Un ami m’a fait découvrir Antoine Choplin, le même ami m’a invité à lire Partiellement nuageux, sans m’en dire beaucoup plus, nous nous faisons confiance. C’est important, l’amitié, pour la lecture. Chacun peut s’y faire passeur pour l’autre. Partager avec lui, sans plus en dire, quelque chose de soi, de l’autre.
C’est ce que je voudrais faire avec ce coup de cœur pour toi, lecteur, manière de tisser un lien d’amitié invisible avec les mots d’un autre, et quels mots, ténus.
Pour rester au diapason de Partiellement nuageux, il s’agira d’un coup de cœur sans emballement, d’un coup de cœur dans la retenue.
Comme l’écrivait E. Rohmer, au début d’un de ses films : « Qui trop parole, il se mesfait. »
Partiellement nuageux se passe au Chili, de nos jours. Ernesto et Emma se croisent dans le musée de la mémoire, celle de la dictature. Ernesto retrouve Emma. Leurs parcours se tissent de silence, de paroles amorcées, de récits parfois, qui les laissent tous les deux dans le silence. Ils retournent chacun à leur vie, l’un, l’une, vient vers l’autre, il y a un ballet de la rencontre, de la rencontre de deux vies blessées. Comment aimer après la dictature, après les pertes dues à la dictature ? Vivre, déjà, coûte, chacun trouve sa voie. Ernesto observe les étoiles, aide son ami indien à planter des arbres. Emma fait son métier d’éditrice, se tait puis parle : son père.
Il ne faut pas dévoiler, Emma et Ernesto se dévoilent eux-mêmes si peu, un dans une déflagration silencieuse. Fuite, absence, retour.
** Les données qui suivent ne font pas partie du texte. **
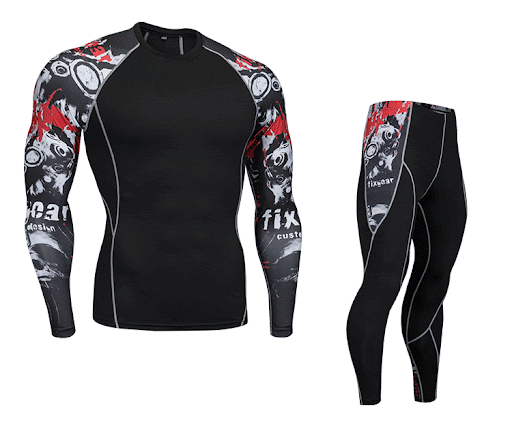 miniatures image - 5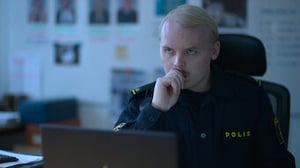Anxious People, Season 1 Episode 6 image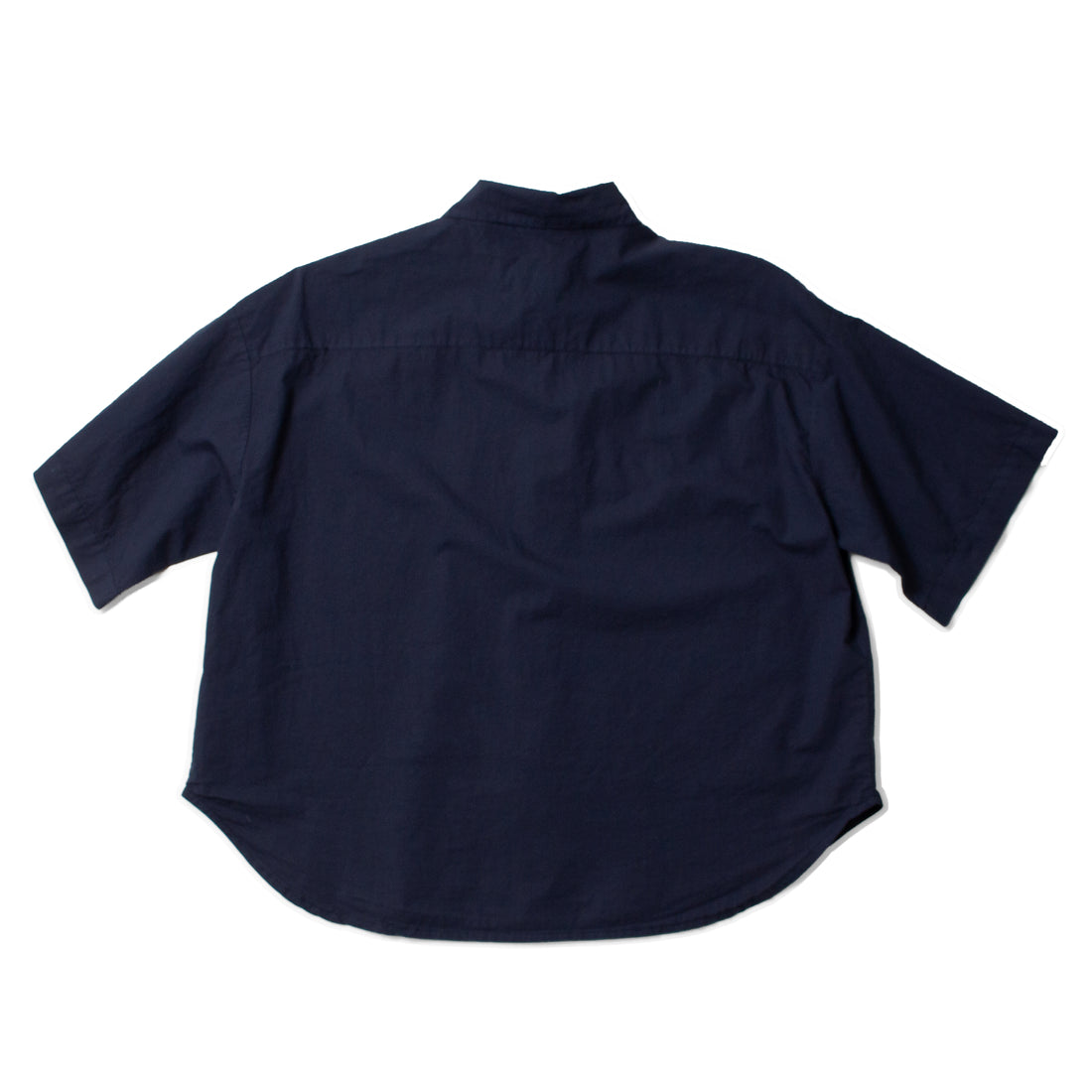Labo.Art Ibiza Shirt in Atlantic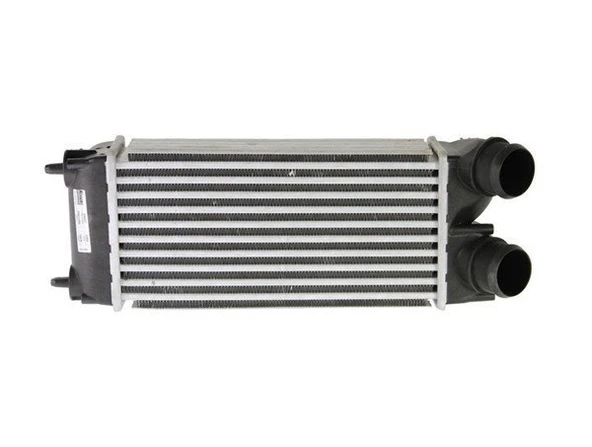 Citroen Xsara Picasso Turbo Radyatörü /İnterkol (2004-2008) 0384H5 344000 1.6 HDI ürün görseli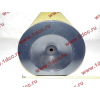 Фильтр воздушный K3052 SH F3000 SHAANXI / Shacman (ШАНКСИ / Шакман) K3052 фото 3 Ханты-Мансийск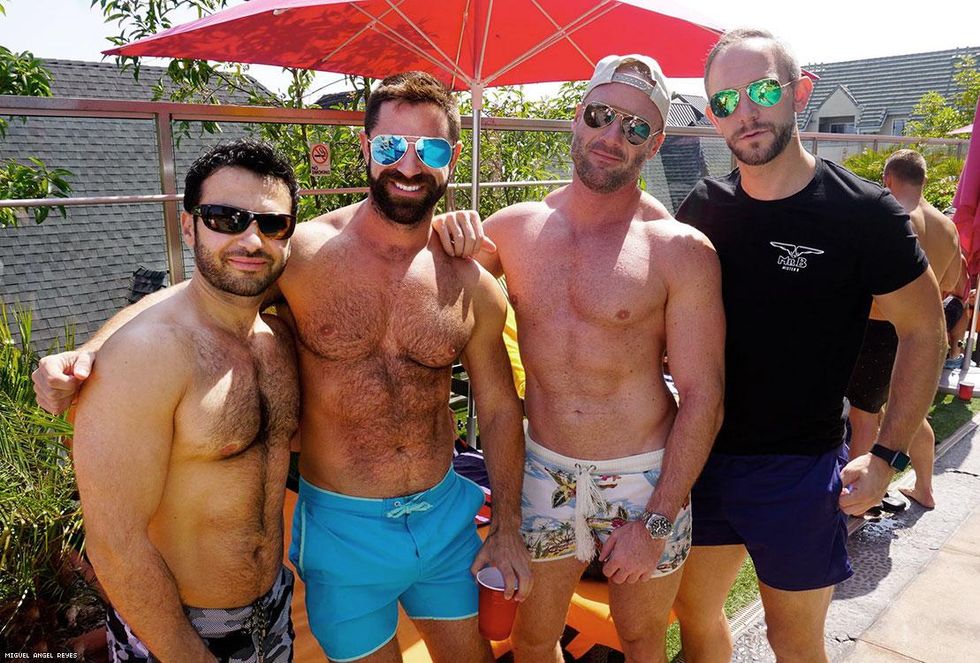 050-july-2017-pool-parties-miguel-angel-reyes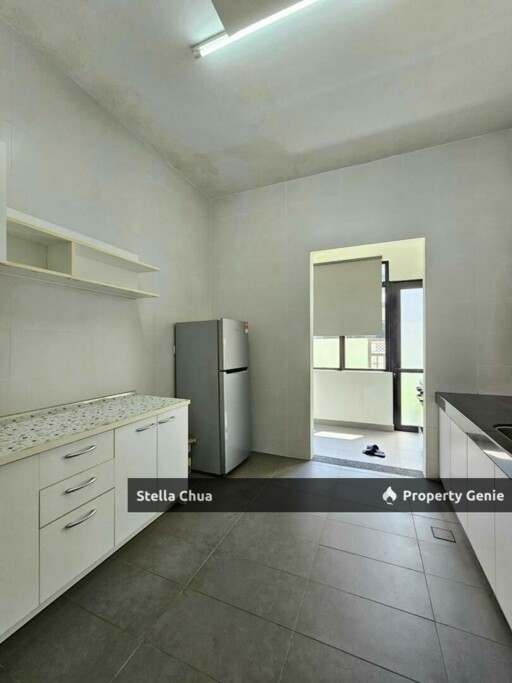 📍Jln Ekoflora 5/x@Eco Summer  🏡Double Storey Terrace House for SALE
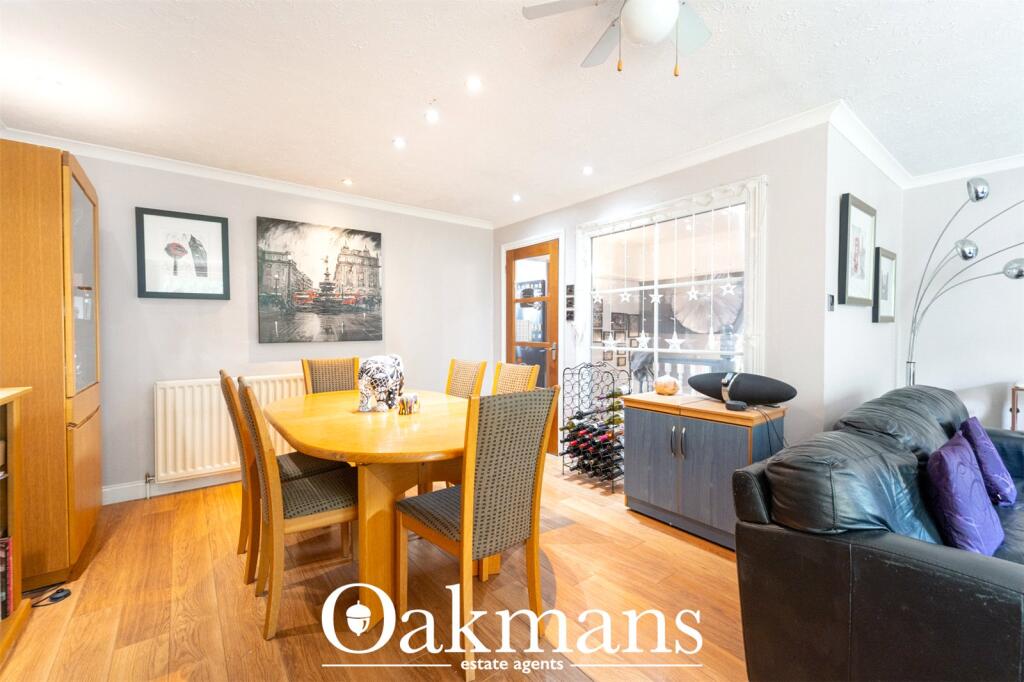 Additional image 8 of Braces Lane, Marlbrook, Bromsgrove, Worcestershire, B60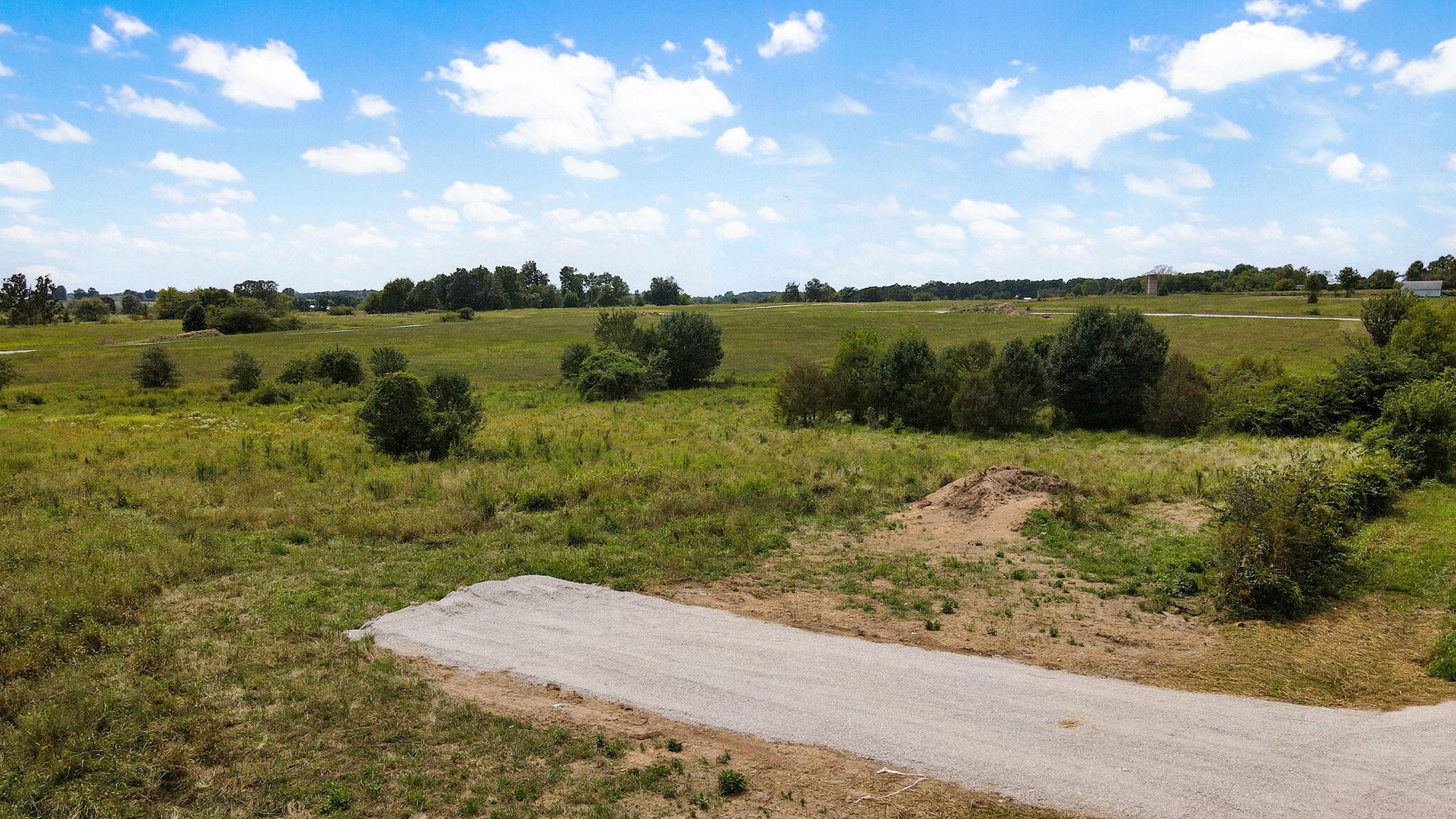 Tract #4 State Hwy Ee Property Photo 12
Merci, l’ami, merci, Antoine Choplin pour ce récit, pour cette écriture singulière, en suspend par moment. On reste un long moment, le livre refermé, à ne pas pouvoir le quitter. Et un sourire flotte sur les lèvres à se redire la dernière phrase : « Sûr qu’on verra bien, j’ai dit, la nuit sera belle. » Cela s’appelle l’espoir.